## Provided material
────

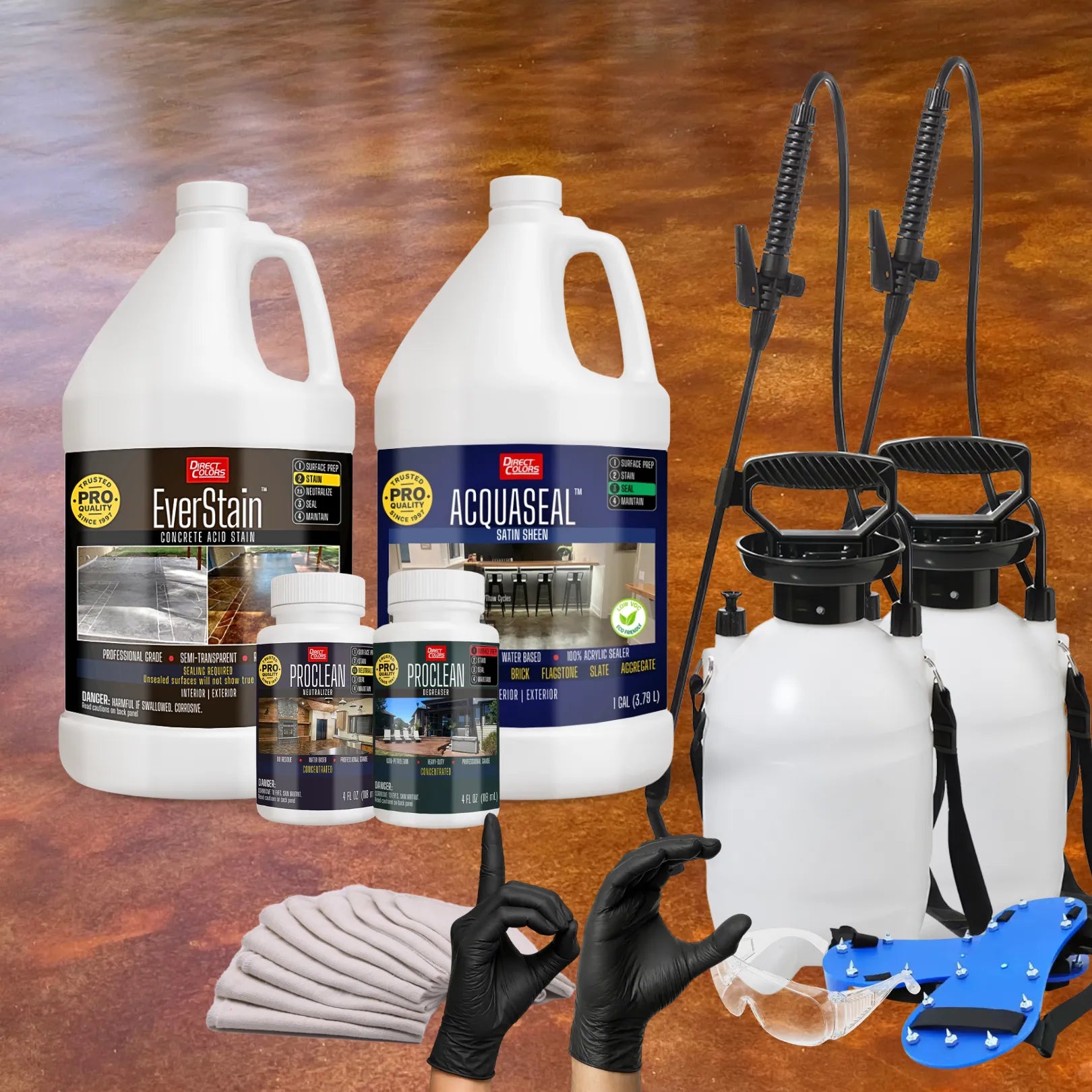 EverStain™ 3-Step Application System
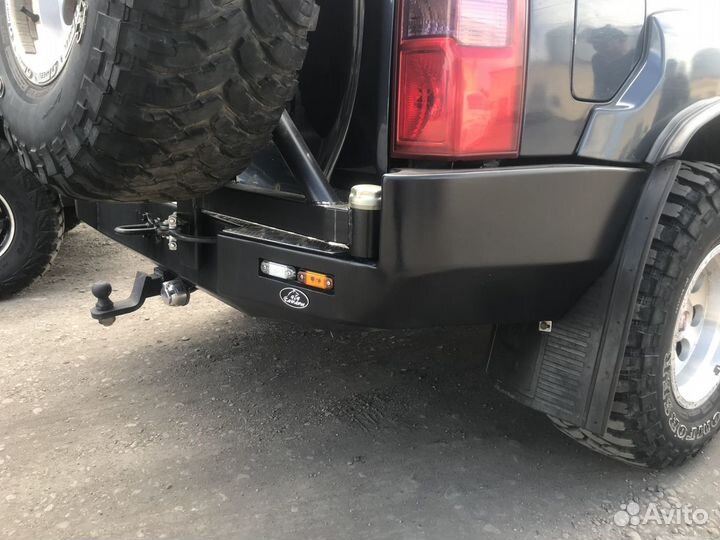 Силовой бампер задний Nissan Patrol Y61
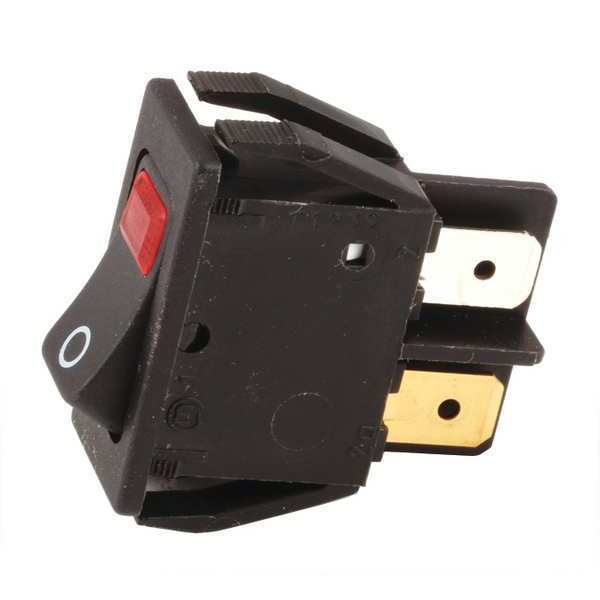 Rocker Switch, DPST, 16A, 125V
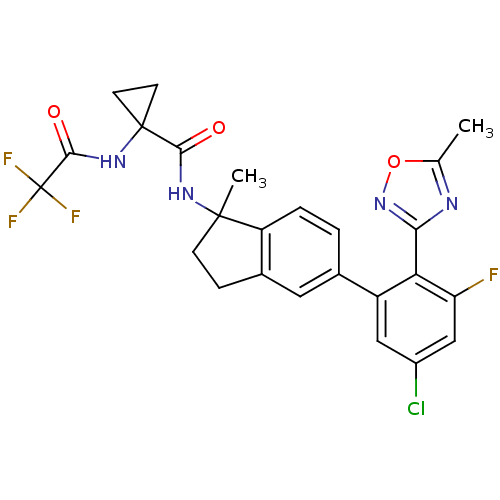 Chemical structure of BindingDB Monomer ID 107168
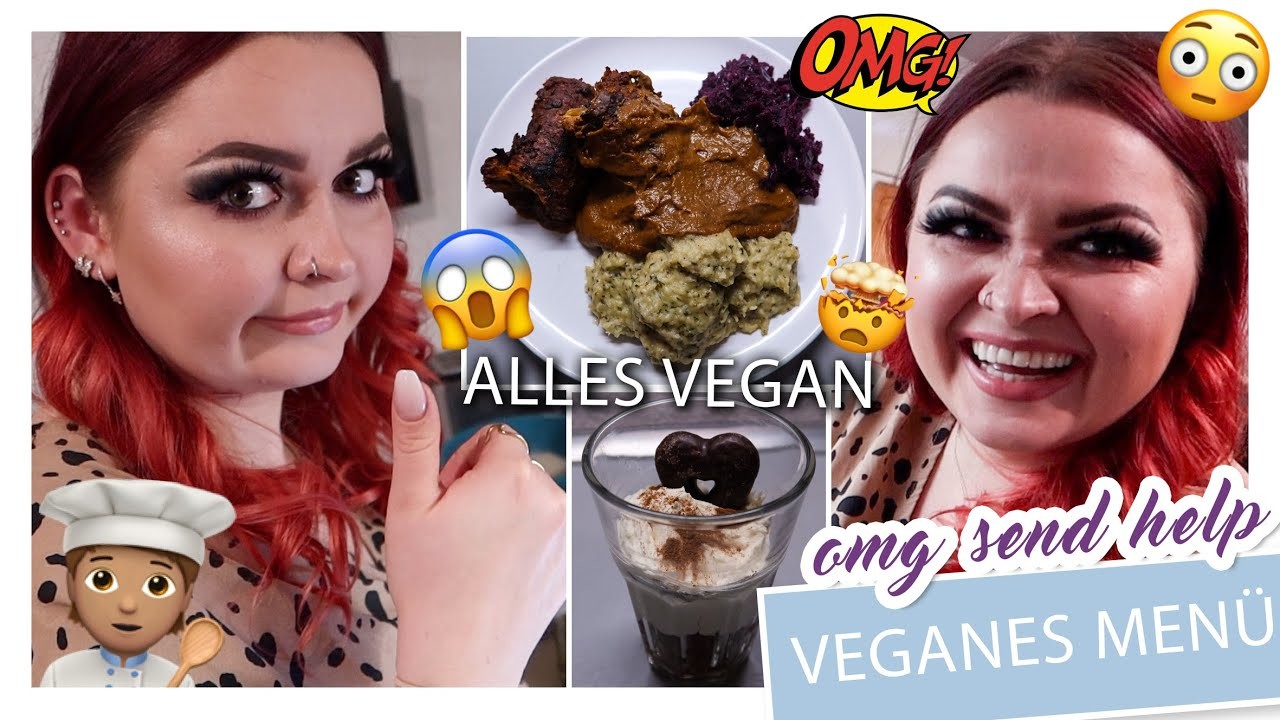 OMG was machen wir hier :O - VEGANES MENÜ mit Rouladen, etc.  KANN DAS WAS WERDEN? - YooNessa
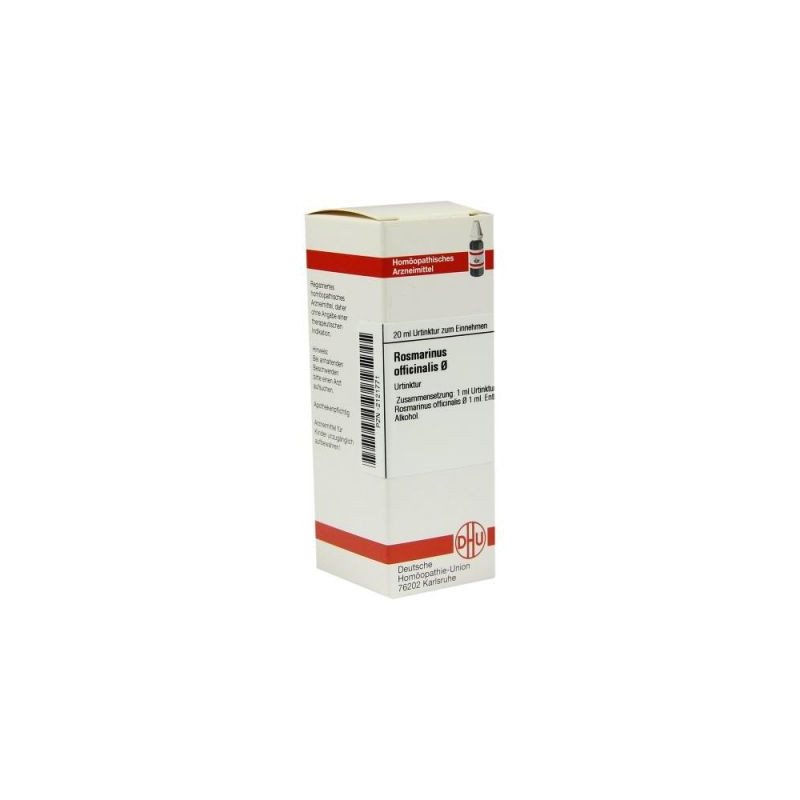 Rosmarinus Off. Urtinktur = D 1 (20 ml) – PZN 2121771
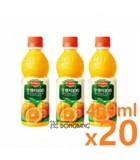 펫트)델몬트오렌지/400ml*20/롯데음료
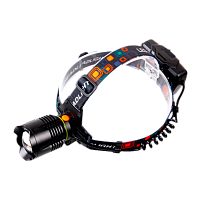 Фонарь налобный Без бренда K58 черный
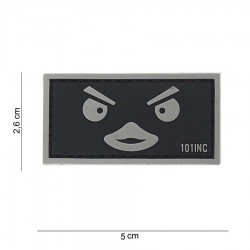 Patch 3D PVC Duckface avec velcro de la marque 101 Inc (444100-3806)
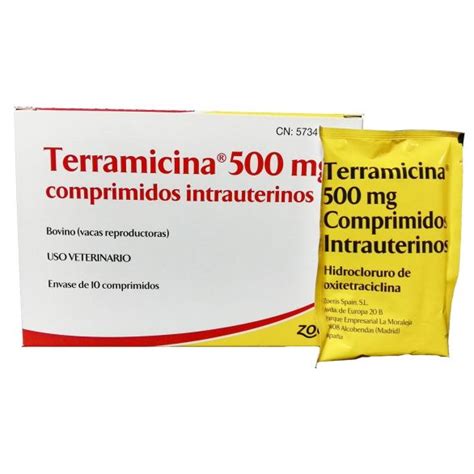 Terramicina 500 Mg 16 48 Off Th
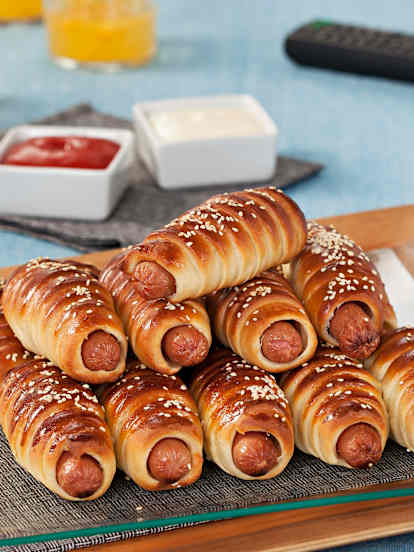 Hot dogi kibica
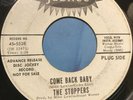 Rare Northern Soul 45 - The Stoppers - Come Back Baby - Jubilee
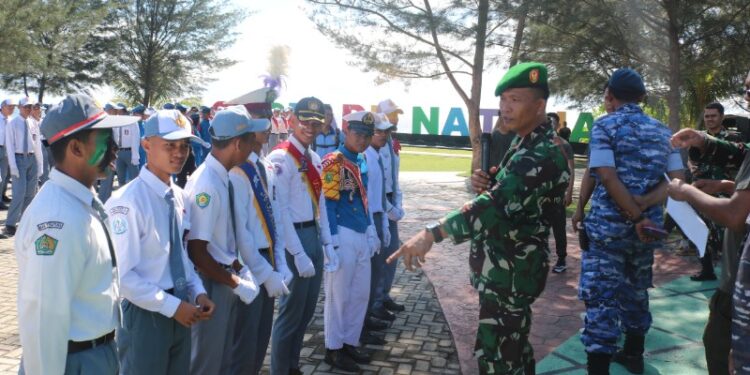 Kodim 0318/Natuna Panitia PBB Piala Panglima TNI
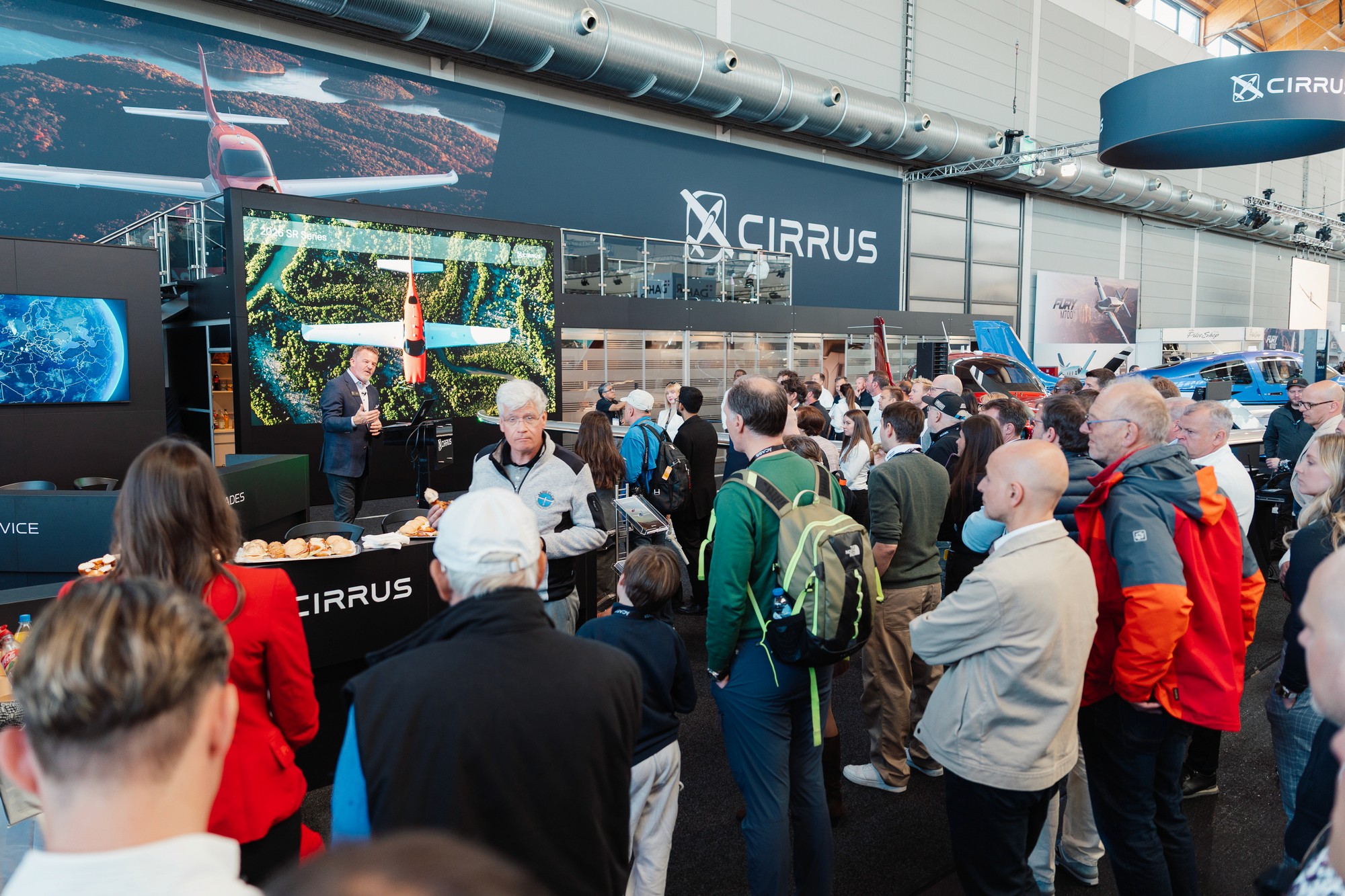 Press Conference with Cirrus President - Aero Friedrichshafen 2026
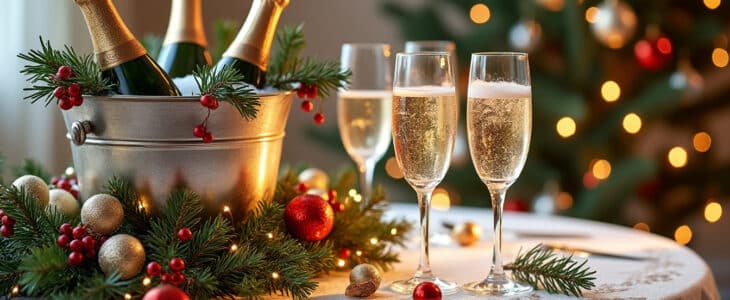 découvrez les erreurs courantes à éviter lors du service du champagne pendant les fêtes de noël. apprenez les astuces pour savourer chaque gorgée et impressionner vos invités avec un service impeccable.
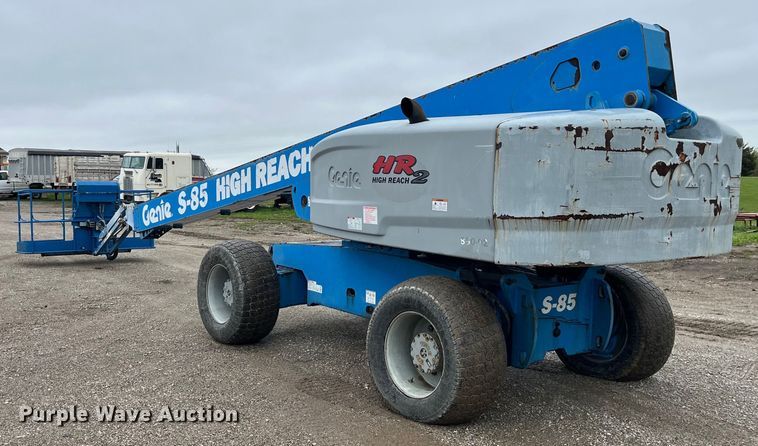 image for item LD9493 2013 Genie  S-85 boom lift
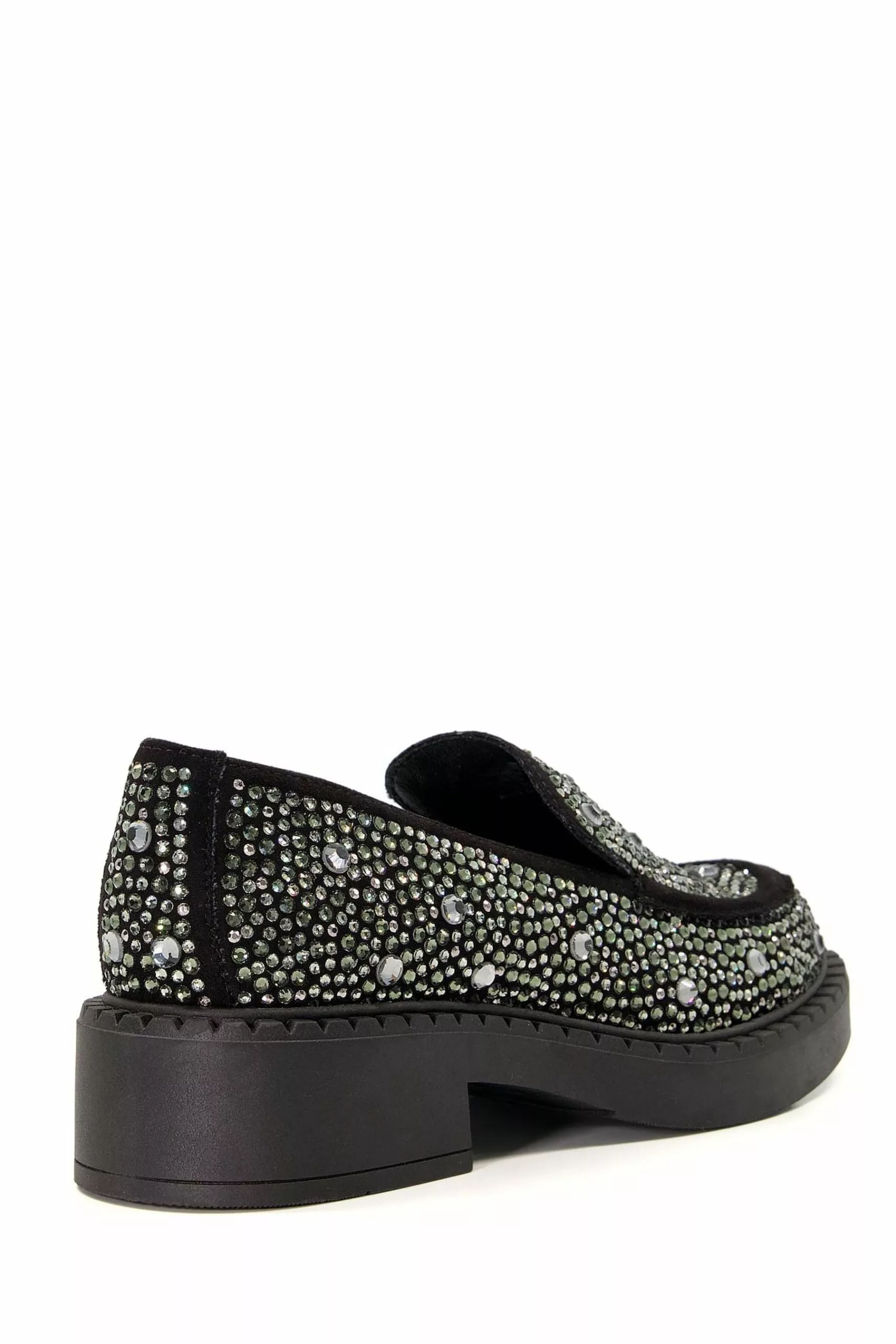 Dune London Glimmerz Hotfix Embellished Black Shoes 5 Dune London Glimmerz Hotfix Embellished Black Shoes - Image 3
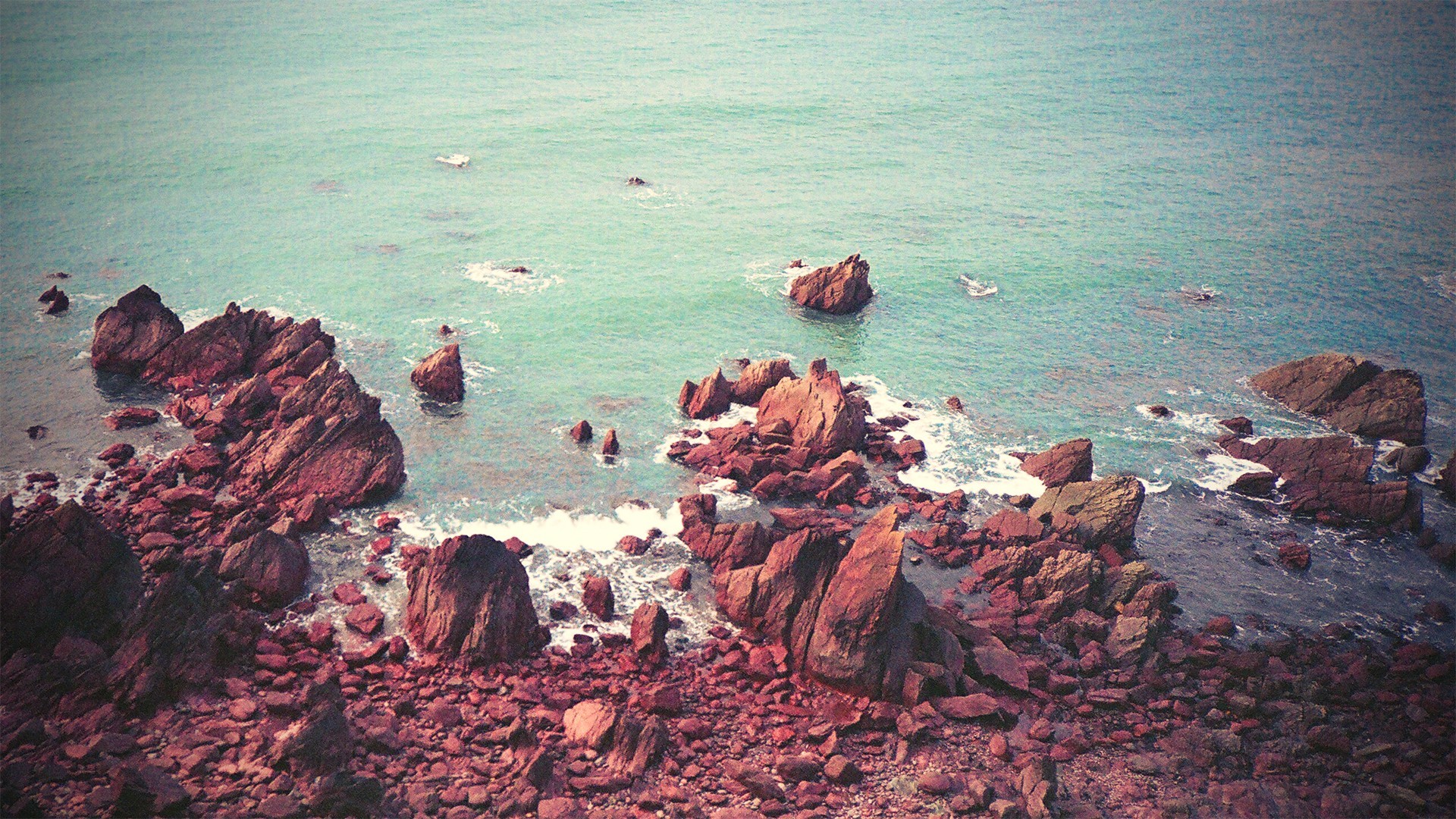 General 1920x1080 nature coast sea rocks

────

## Exercise description
What is needed is an exact repetition of every entry, without the pictures.

## Reply to the task
 EverStain™ 3-Step Application System
 Силовой бампер задний Nissan Patrol Y61
 Rocker Switch, DPST, 16A, 125V
 Chemical structure of BindingDB Monomer ID 107168
 OMG was machen wir hier :O - VEGANES MENÜ mit Rouladen, etc.  KANN DAS WAS WERDEN? - YooNessa
 Rosmarinus Off. Urtinktur = D 1 (20 ml) – PZN 2121771
 펫트)델몬트오렌지/400ml*20/롯데음료
 Фонарь налобный Без бренда K58 черный
 Patch 3D PVC Duckface avec velcro de la marque 101 Inc (444100-3806)
 Terramicina 500 Mg 16 48 Off Th
 Hot dogi kibica
 Rare Northern Soul 45 - The Stoppers - Come Back Baby - Jubilee
 Kodim 0318/Natuna Panitia PBB Piala Panglima TNI
 Press Conference with Cirrus President - Aero Friedrichshafen 2026
 découvrez les erreurs courantes à éviter lors du service du champagne pendant les fêtes de noël. apprenez les astuces pour savourer chaque gorgée et impressionner vos invités avec un service impeccable.
 image for item LD9493 2013 Genie  S-85 boom lift
 Dune London Glimmerz Hotfix Embellished Black Shoes 5 Dune London Glimmerz Hotfix Embellished Black Shoes - Image 3
 General 1920x1080 nature coast sea rocks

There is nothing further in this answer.